Amo-te, ó rude e doloroso
idioma,
Em que da voz materna
ouvi: “meu filho”
E em que Camões chorou, no
exílio amargo,
O gênio sem ventura e o
amor sem brilho!”
...
Bilac, desbravador de
palavras, entra também em virgens selvas e vai a Ouro Preto, interior das Minas
Gerais, para buscar inspiração no Arcadismo – como o Parnasianismo, também cria
do Classicismo - e saudar a luta de Joaquim José da Silva Xavier, o Tiradentes;
Tomás Antônio Gonzaga, o Dirceu de Marília; Cláudio Manuel da Costa; Alvarenga
Peixoto; Padre Rolim e tantos outros que sonharam com a independência do Brasil
de Portugal.
Ali, na velha Vila Rica,
antiga capital mineira, a neblina e a brisa das montanhas de Minas moldam o
nosso rude e doloroso idioma – para português mineiro. E um “Mundo mundo vasto
mundo” se abre para o modernista Carlos Drummond de Andrade; um Grande Sertão
se descortina para João Guimarães Rosa:
“VILA RICA
O ouro fulvo do ocaso as
velhas casas cobre;
Sangram, em laivos de
ouro, as minas, que a ambição
Na torturada entranha
abriu da terra nobre:
E cada cicatriz brilha
como um brasão.
O Ângelo plange ao longe
em doloroso dobre,
O último ouro do sol morre
na cerração.
E, austero, amortalhando a
urbe gloriosa e pobre,
O crepúsculo cai como uma
extrema-unção.
Agora, para além do cerro,
o céu parece
Feito de um ouro ancião
que o tempo enegreceu...
A neblina, roçando o chão,
cicia, em prece,
Como uma procissão
espectral que se move...
Dobra o sino... Soluça um
verso de Dirceu...
Sobre a triste Ouro Preto
o ouro dos astros chove”.
...
Volto para casa, entro
em meu Orkut e encontro uma mensagem,
deixada por uma aluna:
“Tangerini, o único
professor de Literatura que dá aula sorrindo”.
A aluna, por certo,
registrou aquele momento em que, tomado pelo universo da Literatura, deixei a
felicidade invadir a minha alma lusitana.
Creio, porém, que outros
professores também sorriem quando tomados pelos números, pelos mapas, pelos
fatos históricos, pelas químicas, pelas artes, pelo tecido celular...
Os baixos salários dos
professores muitas vezes nos entristecem. Mas ainda sorrimos. Porque amamos o
que fazemos. Porque, em nossa última célula, ainda existe uma semente de
esperança e cremos num mundo melhor, mais humano, menos amargo e doloroso.

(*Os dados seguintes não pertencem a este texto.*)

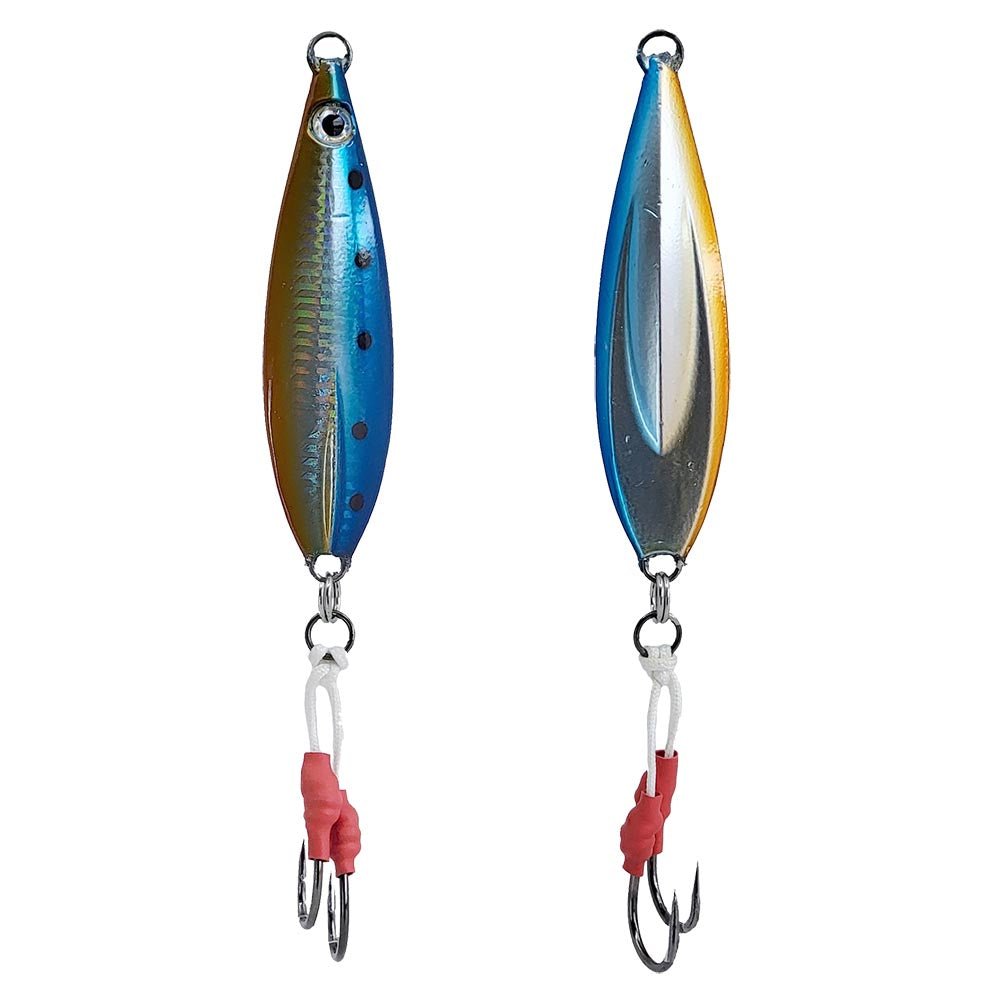 200 gram flat fall tuna fishing lures Shimano Butterfly Jigs - 250g Nothing lighter is really worth dropping over the side of the boat 200 gram flat fall tuna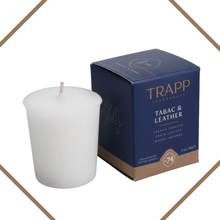 Load image into Gallery viewer, Trapp Fragrances Tabac and Leather Small Scented Votive Candles
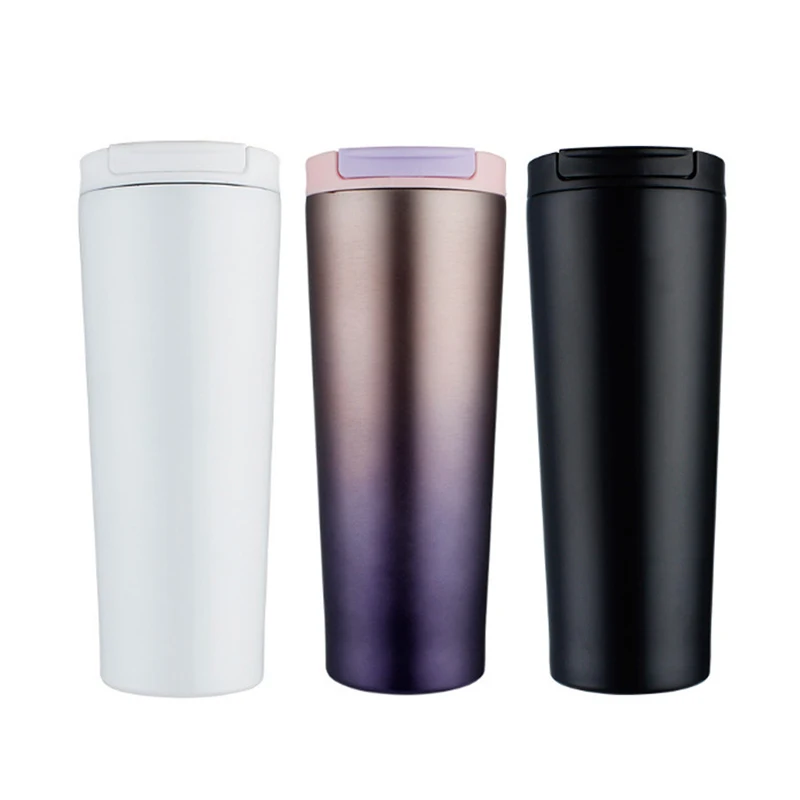 

ASFULL Vacuum Thermos Mug Coffee Cup 500ML Thermos Cup Stainless Steel Mug Cup With Lid Travel Vacuum Flask Mugs For Coffee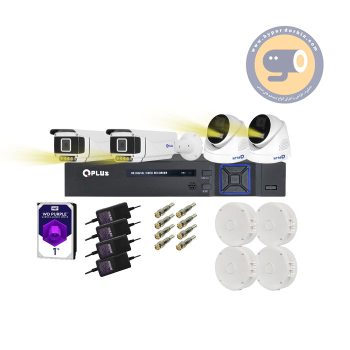 پکیج 4دوربین 2مگاپیکسل کیوپلاس کد146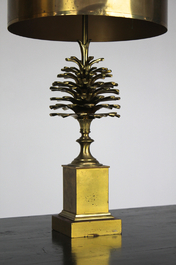 Paire de lampes en bronze, mod&egrave;le "Pomme de pin", Maison Charles &agrave; Paris, ca. 1950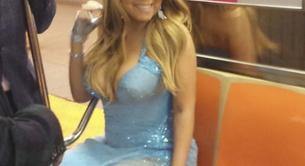 Mariah Carey monta en el metro de Nueva York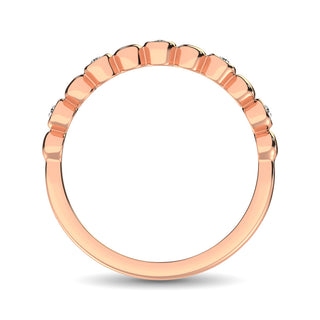 14K Rose Gold 1/20 Ct.Tw.Diamond Stackable Band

Mas... retomando o “Navegar
é preciso; viver não é preciso”, velho ditado português... Fernando Pessoa toma
para si o tema e o transforma em “criar é preciso; viver não é preciso”...
Criar nos leva a novos
horizontes – em Língua Portuguesa ou não. Criemos, pois, um novo mundo, ainda
que a decepção e o desânimo nos suguem todas as energias.